<<<<
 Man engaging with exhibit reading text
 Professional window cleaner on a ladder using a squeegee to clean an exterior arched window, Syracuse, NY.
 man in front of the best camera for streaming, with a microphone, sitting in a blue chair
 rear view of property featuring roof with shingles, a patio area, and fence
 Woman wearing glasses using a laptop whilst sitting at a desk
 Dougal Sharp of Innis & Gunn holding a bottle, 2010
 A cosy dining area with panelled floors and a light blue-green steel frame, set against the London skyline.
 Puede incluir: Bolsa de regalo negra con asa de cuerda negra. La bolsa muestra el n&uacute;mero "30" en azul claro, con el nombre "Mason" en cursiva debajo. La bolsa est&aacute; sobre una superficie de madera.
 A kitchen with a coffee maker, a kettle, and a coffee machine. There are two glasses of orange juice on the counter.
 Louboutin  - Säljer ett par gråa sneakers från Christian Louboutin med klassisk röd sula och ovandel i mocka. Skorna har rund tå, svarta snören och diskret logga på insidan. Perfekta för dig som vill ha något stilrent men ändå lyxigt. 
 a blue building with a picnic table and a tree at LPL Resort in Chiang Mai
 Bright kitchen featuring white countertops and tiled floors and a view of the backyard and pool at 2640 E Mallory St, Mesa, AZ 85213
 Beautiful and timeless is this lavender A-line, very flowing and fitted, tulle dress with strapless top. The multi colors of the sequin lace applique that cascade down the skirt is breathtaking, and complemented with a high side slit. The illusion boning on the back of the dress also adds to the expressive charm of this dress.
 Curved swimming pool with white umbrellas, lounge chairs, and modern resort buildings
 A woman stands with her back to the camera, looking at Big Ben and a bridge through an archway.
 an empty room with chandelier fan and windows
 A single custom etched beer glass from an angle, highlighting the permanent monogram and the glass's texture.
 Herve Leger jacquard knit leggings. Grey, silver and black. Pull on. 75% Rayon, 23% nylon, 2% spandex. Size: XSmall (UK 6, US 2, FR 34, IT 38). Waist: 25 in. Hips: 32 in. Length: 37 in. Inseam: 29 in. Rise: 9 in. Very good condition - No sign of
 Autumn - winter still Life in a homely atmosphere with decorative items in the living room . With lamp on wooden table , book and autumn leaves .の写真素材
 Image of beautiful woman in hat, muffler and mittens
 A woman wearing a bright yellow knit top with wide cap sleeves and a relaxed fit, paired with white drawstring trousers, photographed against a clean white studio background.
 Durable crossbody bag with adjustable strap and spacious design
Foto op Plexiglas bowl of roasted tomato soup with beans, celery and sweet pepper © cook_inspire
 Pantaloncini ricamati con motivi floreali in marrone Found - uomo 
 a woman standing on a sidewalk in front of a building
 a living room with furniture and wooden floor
>>>>
● **WHAT YOU ARE ASKED TO DO**
Across the listing, how many lines contain "view"? State the number and nothing else.

● **SOLUTION TO THIS PROBLEM**
2